In other words, the tubes of the first heat exchange means through which steam and condensate flow in the same direction and which are first impinged by the stream of cooling air are not provided with throttles. In these tubes the condensation is maintained over the total length of the tubes to avoid forming of dead zones. The tubes following in the direction of the stream of cooling air are then provided with throttles of different cross-sections in dependence on the required amount of surplus steam which has to be drawn therethrough so that in the first row maintenance of condensation is assured. This will assure that also in the throttled tubes condensation over the total length thereof is maintained. The throttles will cause a reduction of the surplus amount of steam in dependency on the subsequent arranged size of the tubes through which steam and condensate flow in opposite direction. The cooperation of the first heat exchange means, comprising tubes through which steam and condensate flow in the same direction, and some of which are provided with throttles in the region of the lower ends thereof with the tubes of the second heat exchange means, in which steam and condensate flow in opposite direction, leads, at at least uniform condensation output of the total installation, to a reduction of the number of necessary tubes through which steam and condensate flow in opposite direction and therewith to a reduction of the expenditure for the installation.

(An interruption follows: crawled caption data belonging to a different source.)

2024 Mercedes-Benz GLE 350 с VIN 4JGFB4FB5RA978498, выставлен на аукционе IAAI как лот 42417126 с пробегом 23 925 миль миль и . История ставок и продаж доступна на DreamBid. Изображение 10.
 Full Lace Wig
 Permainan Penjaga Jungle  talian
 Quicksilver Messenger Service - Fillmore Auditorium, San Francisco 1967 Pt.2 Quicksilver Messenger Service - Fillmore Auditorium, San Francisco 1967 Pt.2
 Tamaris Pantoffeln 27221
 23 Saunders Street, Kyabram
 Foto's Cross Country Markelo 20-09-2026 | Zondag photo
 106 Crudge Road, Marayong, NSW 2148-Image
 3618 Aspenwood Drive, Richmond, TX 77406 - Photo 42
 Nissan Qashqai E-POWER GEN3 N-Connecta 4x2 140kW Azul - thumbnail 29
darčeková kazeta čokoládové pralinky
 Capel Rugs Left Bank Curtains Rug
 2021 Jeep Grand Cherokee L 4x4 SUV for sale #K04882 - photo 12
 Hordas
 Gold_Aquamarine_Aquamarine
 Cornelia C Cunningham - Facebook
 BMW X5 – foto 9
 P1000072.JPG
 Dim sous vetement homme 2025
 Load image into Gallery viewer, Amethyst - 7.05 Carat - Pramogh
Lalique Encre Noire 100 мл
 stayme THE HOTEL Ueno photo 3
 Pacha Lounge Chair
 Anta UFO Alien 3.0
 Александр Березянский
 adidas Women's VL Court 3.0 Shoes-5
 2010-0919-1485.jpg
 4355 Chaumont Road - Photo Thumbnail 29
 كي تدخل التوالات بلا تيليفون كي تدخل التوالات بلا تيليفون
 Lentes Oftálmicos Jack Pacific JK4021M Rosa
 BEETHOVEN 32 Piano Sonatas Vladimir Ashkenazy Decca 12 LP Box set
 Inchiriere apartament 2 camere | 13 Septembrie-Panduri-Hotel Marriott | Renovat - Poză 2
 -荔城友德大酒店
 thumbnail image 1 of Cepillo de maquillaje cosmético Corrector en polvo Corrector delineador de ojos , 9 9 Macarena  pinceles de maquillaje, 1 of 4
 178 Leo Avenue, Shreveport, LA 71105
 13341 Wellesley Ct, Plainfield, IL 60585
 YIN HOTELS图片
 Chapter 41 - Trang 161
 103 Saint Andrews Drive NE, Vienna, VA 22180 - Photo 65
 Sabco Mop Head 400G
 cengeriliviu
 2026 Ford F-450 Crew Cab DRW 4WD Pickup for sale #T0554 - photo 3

The novel features which are considered as characteristic for the invention are set forth in particular in the appended claims. The invention itself, however, both as to its construction and its method of operation, together with additional objects and advantages thereof, will be best understood from the following description of specific embodiments when read in connection with the accompanying drawings.
The single FIGURE of the drawing schematically illustrates the air cooled condenser installation according to the present invention.
Referring now to the drawing it will be seen that the air cooled condenser installation according to the present invention comprises first heat exchange means including for instance three rows 4, 5 and 6 of upright tubes 4', 5' and 6' adapted to be impinged by a stream of cooling air, preferably provided by a ventilator 11 which blows such cooling air in the direction as indicated by the arrow A against these tubes. While the schematic drawing shows only the first of the tubes of each of the mentioned rows, it is to be understood that each of the rows 4, 5 and 6 comprises a plurality of tubes arranged parallel and spaced from each other in a direction transverse to the drawing plane. Each tube is provided at its outer surface thereof with vertically spaced annular cooling ribs 8. All of the tubes of the first heat exchange means 3 communicate at upper open ends with a common manifold 2 into which steam to be condensed is fed by a steam conduit 1. The lower open ends of all tubes of the first heat exchange means 3 communicate with a common condensate collecting chamber 7.
The first heat exchange means 3 is operated with surplus steam. The surplus steam which is not condensed in the first heat exchange means 3 passes through a connecting conduit 12 into the lower distribution chamber of second heat exchange means 14. The steam thus supplied to the lower heat distribution chamber 13 of the second heat exchange means 14 flows in upward direction through two rows 15 and 16 of upright tubes 15' and 16', provided at the outer surfaces thereof with vertically spaced annular cooling ribs 8, in upward direction into an upper distribution chamber 17, whereas the condensate thus forming flows countercurrently to the steam downwardly into the chamber 13, from which the condensate is discharged through a conduit, not shown in the drawing.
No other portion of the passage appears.